Eine kuriose, melancholische Atmosphäre prägt den Roman. Das ruhige Leben der Indígenas, die sich im Vorüberziehen der Zeit treiben lassen, steht dabei in völligem Kontrast zu dem der derben, permanent betrunkenen Soldaten, die als die eigentlichen „Wilden“ der Pampa erscheinen. Damit dreht sich in Airas Roman das von dem argentinischen Schriftsteller Domingo F. Sarmiento im 19. Jahrhundert konstruierte Bild der Zivilisation der Städte und der Barbarei der Provinzen um: Die skrupellose Grausamkeit der aus der Stadt in die Provinz strafversetzten Soldaten beherrscht das Bild. Die Indígenas hingegen erscheinen als kultivierte Melancholiker. Der Roman beschreibt, wie das Geldwesen, und damit der Beginn des Kapitalismus, das Leben beider Kulturen verändert.
Wer jedoch einen spannenden, packenden Roman erwartet, wird enttäuscht werden. Die Spannung ist aber auch nicht Anspruch des Buches. Vielmehr scheint der behagliche Rhythmus der Geschichte um die Protagonistin Ema die Lebensphilosophie der Indígenas ästhetisch widerzuspiegeln. Und gerade seine melancholische Langsamkeit macht Die Mestizin zu einem faszinierenden Buch.
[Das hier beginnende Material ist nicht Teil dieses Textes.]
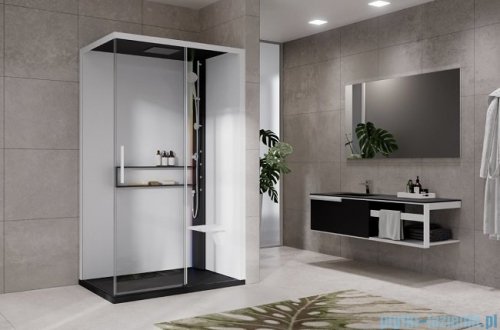 Novellini Glax 2 2.0 kabina z hydromasażem hydro plus 120x90 prawa czarna G222P299DT1L-1HU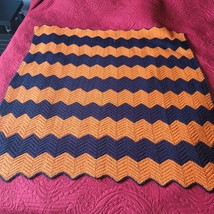 Afghan Throw Blanket UVA University of Virginia Orange/Navy Blue 53” X 50&quot; - £26.25 GBP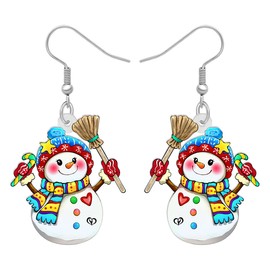 BAMAY Christmas Gifts for Women Cute Acrylic Snowman Earrings Dangle Novelty Jewelry Festival Charms Party Favors (Blue White)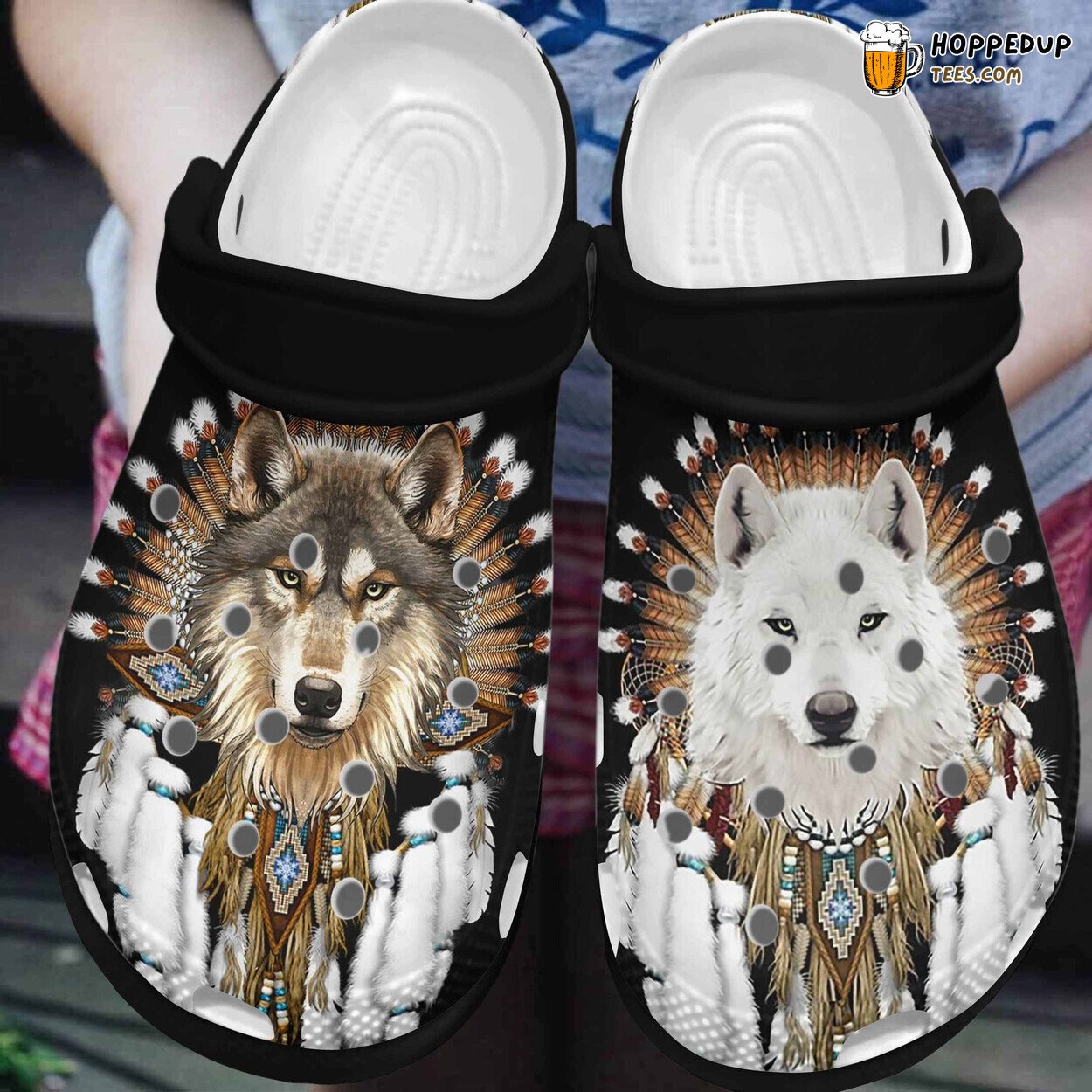 Couple Native Wolves Brown White Birthday Gift Comfortable Clogs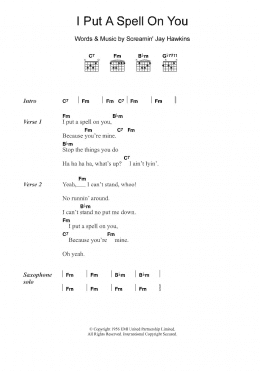 page one of I Put A Spell On You (Guitar Chords/Lyrics)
Die Mestizin, ein frühes Werk des argentinischen Schriftstellers, erschien bereits 1981 während der letzten argentinischen Militärdiktatur unter dem Titel Ema, la cautiva. Mittlerweile umfasst Airas Werk über dreißig Romane und er gilt als einer der wichtigsten zeitgenössischen Schriftsteller Argentiniens. Um so mehr sollte es verwundern, dass er bisher so wenig Beachtung in Deutschland gefunden hat.